Believing in God Who is With Me in Temptations

The Vatican may soon approve changes to one of the most popular prayer there ever was—the Lord’s Prayer. Yes, the Vatican. The Vatican who rarely changes to keep up with the time. The Vatican who is hardly culturally relevant.

Before you are filled with despair that even the Vatican is compromising scripture to be appeasing to the Millennials, the Leftists, the women, or whatever meme news you have read, let’s remember that this is the Vatican. And Pope Francis, I believe, has a valid point to make to initiate this change.

It will change how you see how God is for you.

The Italian Episcopal Conference (go Italy!) has reportedly sent changes to the Vatican (which they seem likely to approve) to change the line “lead us not into temptation” in the Lord’s Prayer to read “abandon us not when in temptation.” During a television interview, the pope reportedly disputed the translation of the phrase, lead us not into temptation saying,

“A father doesn’t do that, a father helps you to get up immediately. It’s Satan who leads us into temptation, that’s his department.”

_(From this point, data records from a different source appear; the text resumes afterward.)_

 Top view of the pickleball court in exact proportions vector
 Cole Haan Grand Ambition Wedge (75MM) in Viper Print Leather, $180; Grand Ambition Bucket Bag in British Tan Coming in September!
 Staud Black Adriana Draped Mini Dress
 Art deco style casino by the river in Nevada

Wow. That is so correct. That changes our view of God, right?

Temptations are the devil’s department. Nasty, personal, devastating temptations. Even there God has not abandoned us. Or as Psalm 139 tell us just before we find out we are wonderfully created, but even in darkness I cannot hide from you. V. 12.

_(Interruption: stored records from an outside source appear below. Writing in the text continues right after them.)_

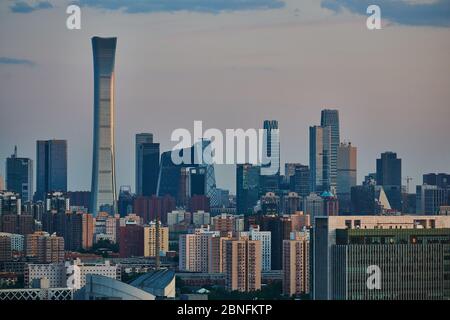 Beijing landmarks, including the China Zun, stand to form a skyline at sunset, Beijing, China, 17 April 2020. *** Local Caption *** fachaoshi Stock Photo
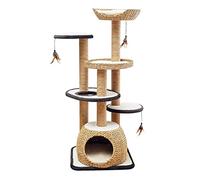 HXFFXHF Árbol para Gatos Torre para Gatos Poste rascador Arena para Gatos Casa para Gatos Plataforma de Bola Colgante Marco de Escalada Multifuncional para Gatos Tejido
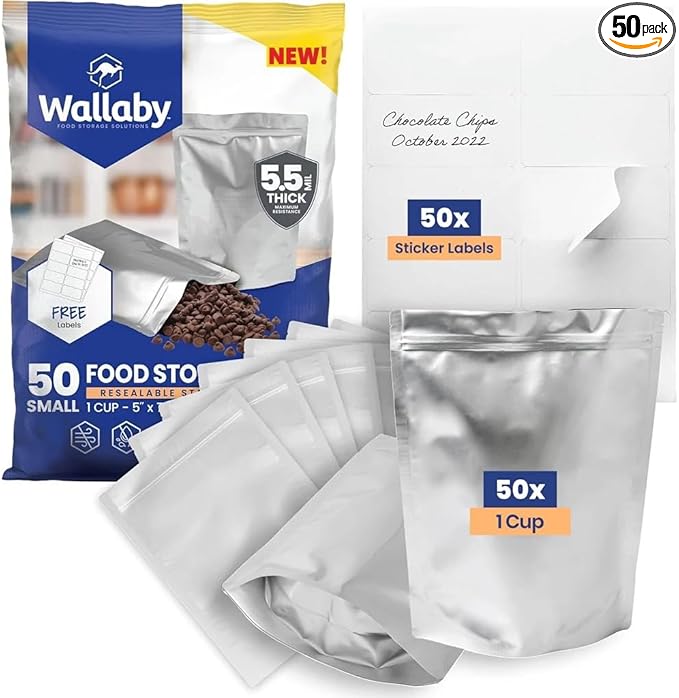 Wallaby 50 Count 1-Cup Gusset Mylar Bags with Labels, 11 Mil Total Thickness Long-Term Food Storage Pouches, 15x12 Stand-Up Zipper Heat-Sealable Airtight Packaging - Silver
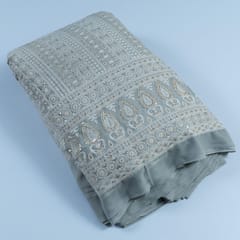 Grey Color Georgette Thread Embroidered Fabric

How often as a child when you sinned, like one of those really bad sins of lying to your parent, did you go to your room and feel like now God did not like you or was disappointed in you?

How often last month when you sinned, like one of those really bad sins you’ve been struggling with since you were 16, have you hidden in your life and believe that God is forever disappointed in you?

How does this little change make you feel knowing that in that temptation–the one you have beaten yourself up over for so long–that God likes you so much that he is with you in that temptation! Not abandoning you! Not condemning you! God who is with you in that lot-of-ugly cannot be disappointed in you because he sees and he knows what all that ugly is. He knows who is the father of that ugly and it isn’t him.

Turns out the Pope (and the Italian Episcopals) aren’t the only ones to struggle with this. The late theologian and 19th-century revivalist Charles Spurgeon preached about this in the 1860s. The New Living Translation has also tweaked the Lord’s Prayer found in Matthew 6 and Luke 11 to be “And don’t let us yield to temptation.” I’d say that this struggle with this part of the Lord’s Prayer is not a new conversation.

But it may be new to you. I am praying that it is freeing to you. I really do want you to stop giving into that temptation. I want you to find that new street. I am tired of your excuses. You know the ones you repeat often:

“Everything is fine.”
“Everything is going to work out.”
“I’ll get through this.”
“I can handle this.”
It’s all going to be all right.”

(We who love you are soooooo tired of those excuses.)

Maybe this turn of the Lord’s Prayer can be a beginning for you.

The Lord’s Prayer is a very memorized prayer. It is prayed rotely for many. Perhaps you can change that memorization when you are with your people? “Abandon us not when in temptation” is a grammar tongue twister but it also flows. And is freeing.